Stormy Daniels protests law raising age for exotic dancers
BATON ROUGE, La. (AP) — A porn actress who claimed to have had an affair with President Donald Trump joined other women to voice opposition to a law that raises the age requirement for exotic dancers in Louisiana strip clubs from 18 to 21.
Stormy Daniels returned to her hometown of Baton Rouge on Sunday and joined dozens of other women voicing opposition to what they consider a “sexist law,” the Advocate reported.
Daniels and more than 50 other people, mostly women who work in New Orleans strip clubs, stood outside the State Capitol as gusts of wind whipped past. Some struggled to keep control of their handwritten signs, which displayed a variety of messages from “Let us dance” to “Feminist power” and “My body pays taxes!!!”

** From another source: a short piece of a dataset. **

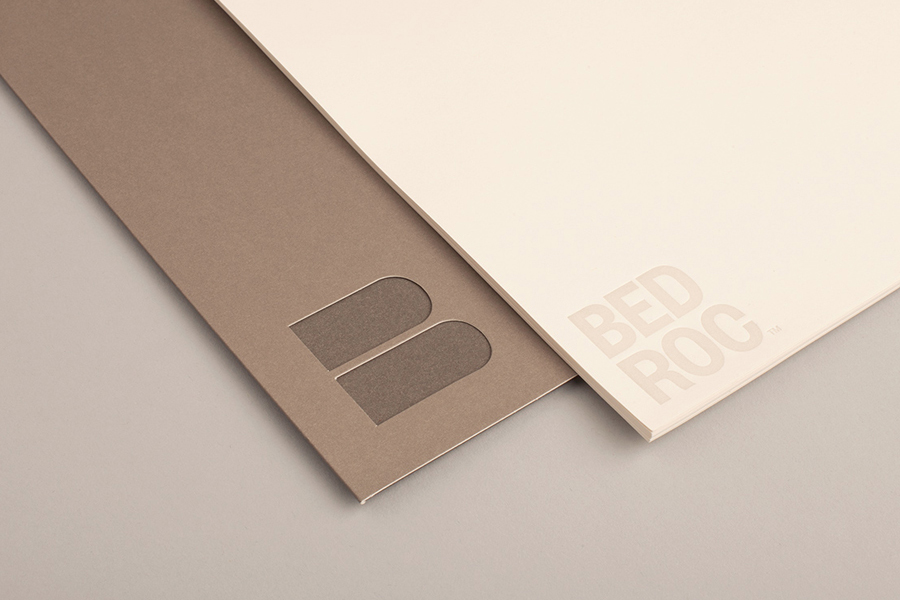 Logo and folder with die cut detail for technological consultancy firm Bed Roc designed by Perky Bros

The state legislature voted in 2016 to increase the minimum legal age for exotic dancers from 18 to 21. The 2016 law says “entertainers whose breasts or buttocks are exposed to view” in alcoholic beverage establishments must be no younger than 21. Louisiana outlaws full nudity for strippers in establishments licensed to serve alcohol, no matter what their age.
The 5th U.S. Circuit Court of Appeals ruled last month that Louisiana can enforce the new age requirement, reversing an early ruling that deemed it unenforceable in response to a lawsuit filed by three young women who said the law had cost them the lucrative income they had as strip club dancers and unconstitutionally squelched their First Amendment rights to freedom of expression.
“Had this law been in effect when I was 18 and started dancing here in Louisiana, I would have missed out on many of the opportunities that I have been afforded,” said Daniels, whose real name is Stephanie Clifford. “This is an unconstitutional law. It eliminates the right of an adult woman to freely choose her occupation and express herself.”
Although people 18 and over are often treated as adults under state law, Louisiana lawmakers have said they wanted the age restriction to help shield young women from the drugs and sex-trafficking sometimes associated with strip clubs.
“But common sense will tell you it’s gonna have the opposite effect,” Daniels said. “Many of these women who work this very legal occupation will be forced out of their jobs, unable to support their children (and) unable to make tuition payments.”
Critics also argue the change will push women into pursuing more dangerous sources of income. They say that if people are old enough to join the military and consent to sex with another adult, they should also be allowed to perform exotic dance.
“Lawmakers, the media, the public — they tend to infantilize (us) because they don’t approve of our choices (and) they make laws without our consent,” said Sable Mongold, 30. “But there’s a lot of humanity behind the heels and glitter ... and we will not retreat into the shadows any longer.”